Asus EEE901 display backlight repair
I have two displays without working backlight. I have bought 3rd, used LVDS cable from one of mine displays
and backlight wasn't working on this one too. I looks like problem on the motherboard, but display from
Asus EEE1000H worked perfectly there.
There was 4.94V on EEE901 backlight (back of the display) and 8.58V on EEE1000H's backlight. It looked like
LED and not CCFL, so I have tried to find a datasheet.
A089SW01-V0
Yes, it is LED backlight with 3 LEDs in series, maximal voltage on LEDs 10V and maximal current to the
convertor 400mA (but on 4.5-5.5V, not on 10V!), therefore I guess, that maximal current to the display
will be around 200mA.
I have tried to push a few miliamps to it and it worked properly. I'm not sure what was wrong, it looks
like design failure in power convertor on both displays, but it doesn't explain the 3rd display. Both
cables may be wrong, but that doesn't explain why there was 5V on power convertor's output. Everything
in the display is 3.3V, just supply for backlight is 5V, therefore wires for this supply seems to be o.k.
Laptop works perfectly with external power source for backlight. It will need some power convertor for it.
Power convertor
The display starts to be backlighted on 7.6V
(readable in darkness) and the maximal current 200mA has been reached on 9.66V, while battery consists
of two LiION cells with voltage range 6.6V to 8.4V.

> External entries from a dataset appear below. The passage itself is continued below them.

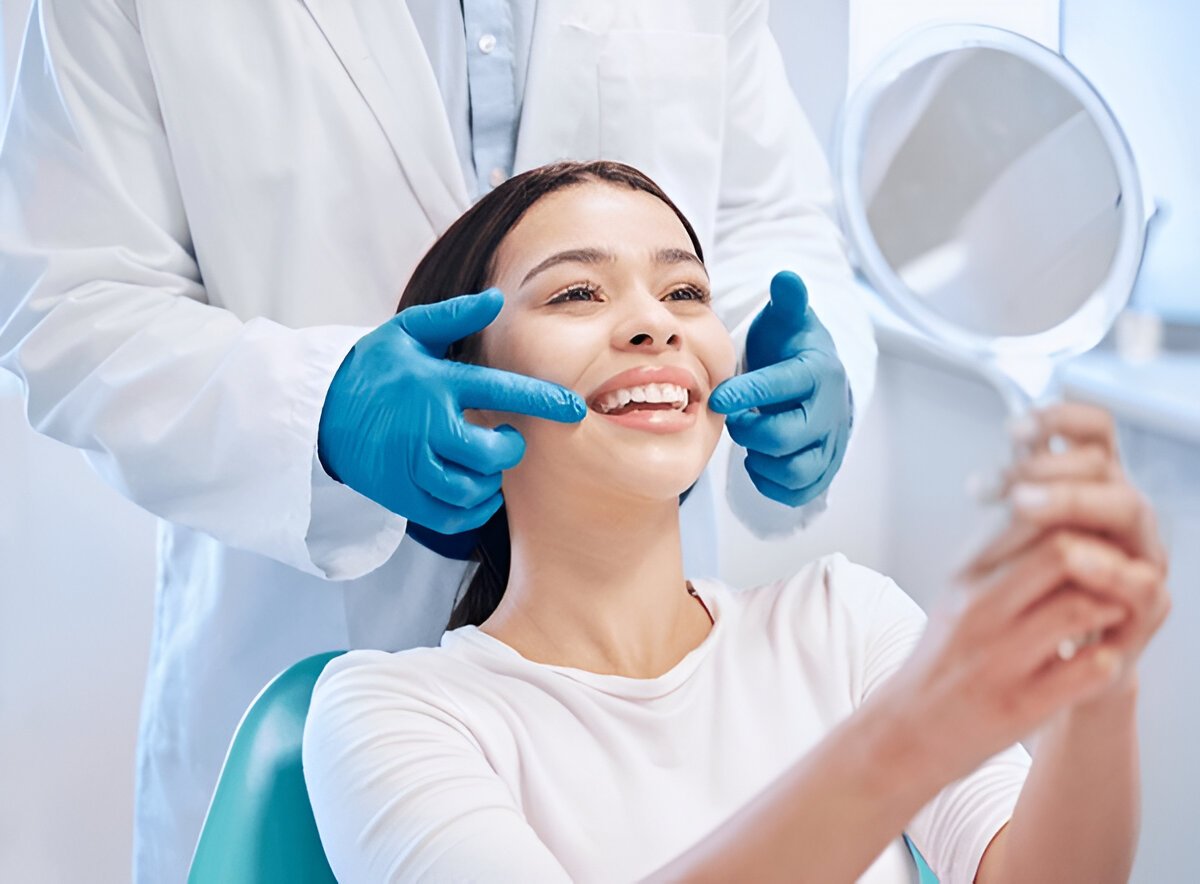 Tooth sensitivity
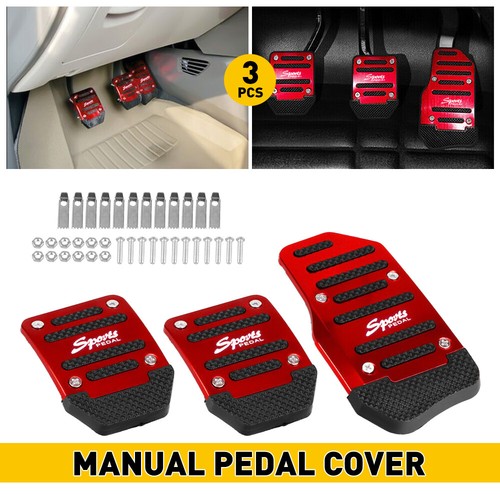 Red non slip manual gas - non-slip,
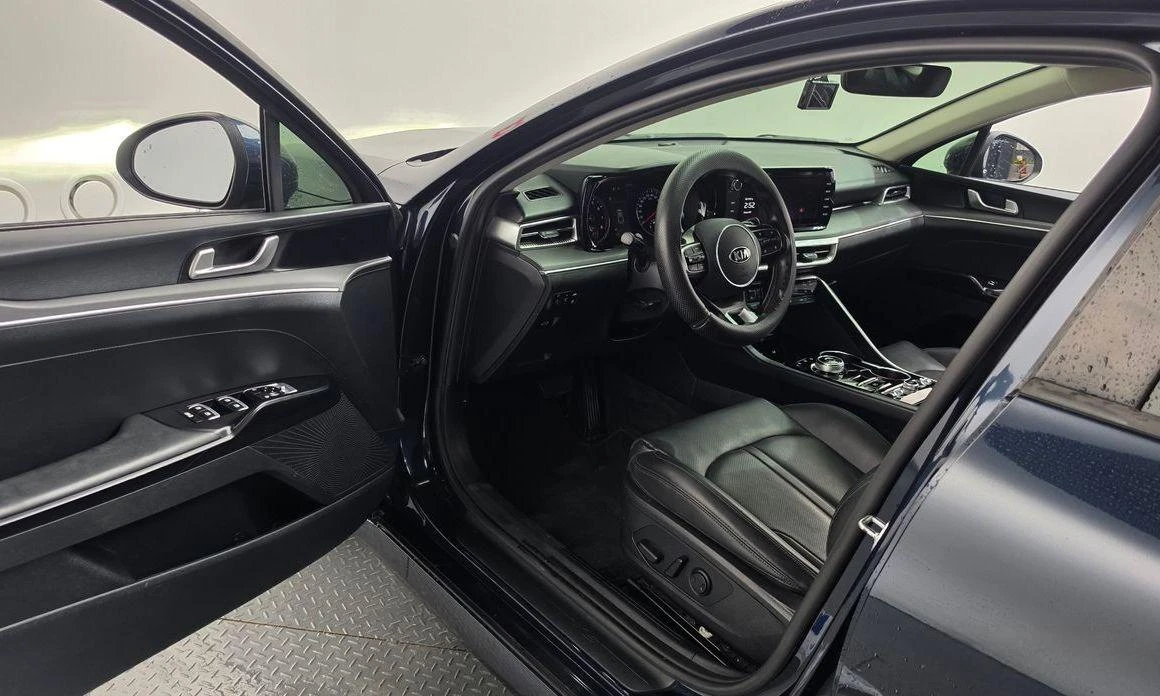 Kia K5 2.0 LPI Trandy  * koreiskikoli.bg * , снимка 10 - Автомобили и джипове - 55855923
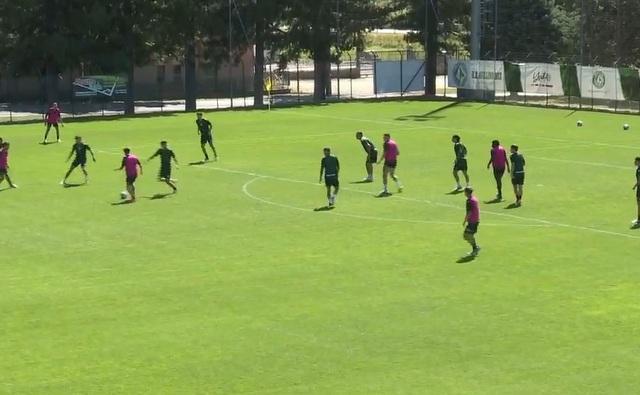 Rivisondoli Day 11: costruzione dal basso e corsa, a parte Simic e Pandolfi
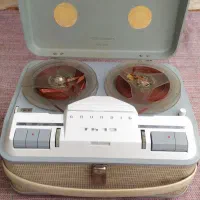 ضبط ریلی گروندیک،لامپی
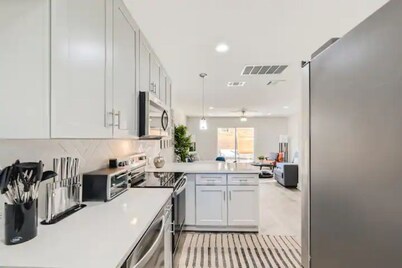 Entire 2 floor condo @ heart of ATX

The highest voltage needed for display is higher than the voltage of battery, so it's obvious, that there
must be some power convertor. Worse - the ranges are overlapping, which rules out simple step-up. What
are the options? SEPIC, Cuk, buck-boost, gamma, step-up with additional linear down convertor (not very
effective) and invertor. The first four convertors are pretty complicated with more coils or more switchers.
Backlight's input is not connected to any voltage in the laptop, so I felt free to use invertor.
The efficiency is poor - it's using bipolar switch and schottky diode for rectification (synchronous one
would be better). To be honest - the efficiency is even poorer than datasheet suggests, because the resistor
between base of the BC557C transistor and ground eats additional 0.6V at full current. But it's pretty simple.
If the voltage on the 3.1 ohm resistor (two 6.2 ohm in parallel) reach 0.6V, it is going to open the
BC557C transistor, which lower the output voltage of the power convertor. It isn't very accurate, because
the maximal current varies with voltage a bit, but it's good enough for this usage. Use op amp instead of
this if you want lower voltage drop and better regulation.
It worked properly without two 100nF capacitors but it's better to not send lots of current peaks to the
laptop. Capacitors are from dead PC motherboard, coil too, but it has been rewinded.